TASK OBJECTIVE: The data below holds a line containing "Тумба под раковину" and a line containing "Component inside prolongs"; please quote exactly those two lines and every line between them, and nothing else.

[Collected data entries]
^^^^
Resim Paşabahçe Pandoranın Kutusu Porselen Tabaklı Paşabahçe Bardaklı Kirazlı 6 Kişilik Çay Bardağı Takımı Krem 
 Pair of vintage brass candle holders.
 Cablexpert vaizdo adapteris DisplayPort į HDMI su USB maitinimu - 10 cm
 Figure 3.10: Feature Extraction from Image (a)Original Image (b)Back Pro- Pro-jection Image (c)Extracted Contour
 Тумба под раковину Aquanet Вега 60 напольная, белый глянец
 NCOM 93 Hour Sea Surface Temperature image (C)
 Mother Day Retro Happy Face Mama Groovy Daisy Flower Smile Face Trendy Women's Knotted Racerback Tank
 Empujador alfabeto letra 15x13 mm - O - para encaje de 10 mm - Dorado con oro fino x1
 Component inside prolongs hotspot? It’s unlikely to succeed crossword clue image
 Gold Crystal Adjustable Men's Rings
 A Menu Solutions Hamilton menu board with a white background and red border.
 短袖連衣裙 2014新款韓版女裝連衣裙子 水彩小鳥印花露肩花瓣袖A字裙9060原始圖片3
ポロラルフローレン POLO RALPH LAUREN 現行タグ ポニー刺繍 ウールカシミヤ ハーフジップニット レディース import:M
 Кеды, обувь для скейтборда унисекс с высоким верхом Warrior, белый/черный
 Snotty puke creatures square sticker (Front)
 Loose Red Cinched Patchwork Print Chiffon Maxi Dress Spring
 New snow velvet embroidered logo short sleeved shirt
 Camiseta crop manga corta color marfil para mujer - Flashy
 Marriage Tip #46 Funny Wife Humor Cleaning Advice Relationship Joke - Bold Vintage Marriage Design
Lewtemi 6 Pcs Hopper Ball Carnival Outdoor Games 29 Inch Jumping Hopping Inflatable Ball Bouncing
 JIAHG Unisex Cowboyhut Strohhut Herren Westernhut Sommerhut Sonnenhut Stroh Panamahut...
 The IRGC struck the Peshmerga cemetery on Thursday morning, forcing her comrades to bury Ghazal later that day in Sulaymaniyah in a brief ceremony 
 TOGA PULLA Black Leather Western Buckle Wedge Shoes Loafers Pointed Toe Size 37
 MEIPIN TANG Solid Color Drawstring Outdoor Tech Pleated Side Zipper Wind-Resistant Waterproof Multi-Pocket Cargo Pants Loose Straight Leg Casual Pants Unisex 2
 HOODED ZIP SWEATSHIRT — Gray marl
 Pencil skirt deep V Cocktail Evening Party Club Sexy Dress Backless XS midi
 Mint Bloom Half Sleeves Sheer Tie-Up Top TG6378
^^^^
SOLUTION BELOW:
 Тумба под раковину Aquanet Вега 60 напольная, белый глянец
 NCOM 93 Hour Sea Surface Temperature image (C)
 Mother Day Retro Happy Face Mama Groovy Daisy Flower Smile Face Trendy Women's Knotted Racerback Tank
 Empujador alfabeto letra 15x13 mm - O - para encaje de 10 mm - Dorado con oro fino x1
 Component inside prolongs hotspot? It’s unlikely to succeed crossword clue image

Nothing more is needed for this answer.